He also talked about the 3 stages of life. The beginning, middle and end. Everybody must suffer in one of these parts of life. People are afraid to suffer but if you get over it earlier you will be happier later. Among other afflictions, he suffered when his father died and he took the responsibility of caring for his siblings. His instructor sat him down one day and told him his suffering was over. It makes me realize how lucky I am and it makes me scared, I see people suffering and my life is too perfect. It makes me scared because I do not know when I will have to suffer.
He talked about pride and shame, two sides of a coin. He said most people protect their pride but that gets you nothing. You should act to prevent shame. That doesn’t make full sense to me, but I guess its kind of like if you have to do 100 pushups and you have 1 minute. If you are protecting your pride then you will stop when the minute is up even if you haven’t done the 100 pushups. If you are protecting your shame you will do the 100 pushups even if it takes you more than a minute because it is shameful to not finish the pushups and the only reason you would stop before is because you are too proud to go past the minute.

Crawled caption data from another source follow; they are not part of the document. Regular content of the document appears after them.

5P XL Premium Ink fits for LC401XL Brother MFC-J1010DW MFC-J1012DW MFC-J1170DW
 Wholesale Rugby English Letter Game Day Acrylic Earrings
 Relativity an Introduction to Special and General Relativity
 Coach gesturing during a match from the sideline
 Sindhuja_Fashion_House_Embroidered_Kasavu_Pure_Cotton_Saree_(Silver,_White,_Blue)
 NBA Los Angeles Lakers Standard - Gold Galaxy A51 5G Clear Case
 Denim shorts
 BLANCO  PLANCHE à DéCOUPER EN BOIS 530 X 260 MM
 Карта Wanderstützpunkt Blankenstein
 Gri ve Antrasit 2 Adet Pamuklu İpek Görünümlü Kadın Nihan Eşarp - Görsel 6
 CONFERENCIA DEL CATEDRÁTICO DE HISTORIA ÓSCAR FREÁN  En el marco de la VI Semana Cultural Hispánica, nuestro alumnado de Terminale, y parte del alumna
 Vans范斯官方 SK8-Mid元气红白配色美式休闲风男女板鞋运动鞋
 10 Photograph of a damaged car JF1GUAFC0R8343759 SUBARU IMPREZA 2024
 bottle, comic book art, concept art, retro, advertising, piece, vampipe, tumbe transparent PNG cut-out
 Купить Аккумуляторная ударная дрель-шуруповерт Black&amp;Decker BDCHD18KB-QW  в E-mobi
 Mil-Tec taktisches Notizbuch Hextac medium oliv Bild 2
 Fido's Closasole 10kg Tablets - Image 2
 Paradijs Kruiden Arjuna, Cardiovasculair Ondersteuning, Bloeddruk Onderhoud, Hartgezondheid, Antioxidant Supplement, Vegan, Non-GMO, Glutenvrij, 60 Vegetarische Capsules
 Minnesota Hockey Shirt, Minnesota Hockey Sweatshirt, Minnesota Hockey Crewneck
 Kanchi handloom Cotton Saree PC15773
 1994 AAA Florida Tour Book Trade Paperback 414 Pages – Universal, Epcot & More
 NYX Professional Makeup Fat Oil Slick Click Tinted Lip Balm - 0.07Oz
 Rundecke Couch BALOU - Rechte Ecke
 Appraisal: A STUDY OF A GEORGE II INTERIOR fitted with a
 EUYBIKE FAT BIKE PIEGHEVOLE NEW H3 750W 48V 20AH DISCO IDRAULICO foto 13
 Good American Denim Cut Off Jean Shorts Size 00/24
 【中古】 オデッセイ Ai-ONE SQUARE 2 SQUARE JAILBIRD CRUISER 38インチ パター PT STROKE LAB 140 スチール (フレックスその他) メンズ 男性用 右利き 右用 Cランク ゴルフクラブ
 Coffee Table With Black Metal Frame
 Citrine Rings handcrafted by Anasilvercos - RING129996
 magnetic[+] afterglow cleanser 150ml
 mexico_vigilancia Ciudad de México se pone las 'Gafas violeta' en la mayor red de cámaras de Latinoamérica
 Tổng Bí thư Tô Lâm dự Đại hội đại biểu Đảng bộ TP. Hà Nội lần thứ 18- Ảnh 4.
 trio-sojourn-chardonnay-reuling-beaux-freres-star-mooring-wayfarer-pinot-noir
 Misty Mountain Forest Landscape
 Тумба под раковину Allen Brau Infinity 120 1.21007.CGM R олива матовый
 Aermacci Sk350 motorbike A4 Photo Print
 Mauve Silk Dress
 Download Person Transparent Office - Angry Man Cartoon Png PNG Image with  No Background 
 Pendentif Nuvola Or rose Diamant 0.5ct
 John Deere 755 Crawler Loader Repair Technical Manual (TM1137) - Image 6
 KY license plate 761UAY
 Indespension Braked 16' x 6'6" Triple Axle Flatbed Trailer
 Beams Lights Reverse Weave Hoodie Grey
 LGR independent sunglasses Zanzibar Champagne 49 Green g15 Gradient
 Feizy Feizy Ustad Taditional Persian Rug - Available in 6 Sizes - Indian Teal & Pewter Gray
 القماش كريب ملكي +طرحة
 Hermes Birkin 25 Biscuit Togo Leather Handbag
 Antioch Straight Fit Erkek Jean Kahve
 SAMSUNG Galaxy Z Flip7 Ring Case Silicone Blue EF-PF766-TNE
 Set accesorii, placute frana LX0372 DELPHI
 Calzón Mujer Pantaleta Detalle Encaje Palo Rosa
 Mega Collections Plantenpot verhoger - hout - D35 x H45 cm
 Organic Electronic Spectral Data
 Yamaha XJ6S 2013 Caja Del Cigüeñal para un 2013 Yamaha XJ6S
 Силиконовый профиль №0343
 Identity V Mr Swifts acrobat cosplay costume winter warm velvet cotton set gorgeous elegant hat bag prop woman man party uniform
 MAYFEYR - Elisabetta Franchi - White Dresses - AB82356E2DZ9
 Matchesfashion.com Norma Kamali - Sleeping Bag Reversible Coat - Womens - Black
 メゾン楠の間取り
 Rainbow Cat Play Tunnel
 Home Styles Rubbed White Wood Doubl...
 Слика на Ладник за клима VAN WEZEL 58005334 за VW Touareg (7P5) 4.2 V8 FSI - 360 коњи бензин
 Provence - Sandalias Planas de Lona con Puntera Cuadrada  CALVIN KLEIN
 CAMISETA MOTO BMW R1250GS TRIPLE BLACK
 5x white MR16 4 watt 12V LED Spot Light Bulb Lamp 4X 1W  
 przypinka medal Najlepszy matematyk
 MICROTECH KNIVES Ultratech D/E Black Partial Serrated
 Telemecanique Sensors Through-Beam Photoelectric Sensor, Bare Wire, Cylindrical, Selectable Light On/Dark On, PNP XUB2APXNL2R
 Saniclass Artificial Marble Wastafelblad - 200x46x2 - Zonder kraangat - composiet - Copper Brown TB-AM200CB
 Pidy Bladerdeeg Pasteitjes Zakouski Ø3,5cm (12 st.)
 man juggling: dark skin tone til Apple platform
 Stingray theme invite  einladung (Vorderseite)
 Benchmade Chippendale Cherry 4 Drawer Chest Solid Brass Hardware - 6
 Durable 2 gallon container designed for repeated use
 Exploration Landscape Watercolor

He also talked about the Jedi mind trick. How people react to your energy. If you make eye contact with someone and look somewhere else, they’ll look too. If you talk a lot with someone who is shy and quiet they’ll start talking more. If you are quiet around someone who is loud they’ll get quieter. You can transfer your energy. He said it’d work with parents too. If you are calm and react calmly then you’ll get that in return. It's like when you push someone, they will usually push back. People will mirror it back. We’ve literally been taught to pull when someone pushes and vice versa so we must react calmly to anger and our calmness with be reflected in that person. He also said we must remember that it is our parents first time parenting; they’re winging it too. He said that we must always remember to look at our situations through the other person’s point of view.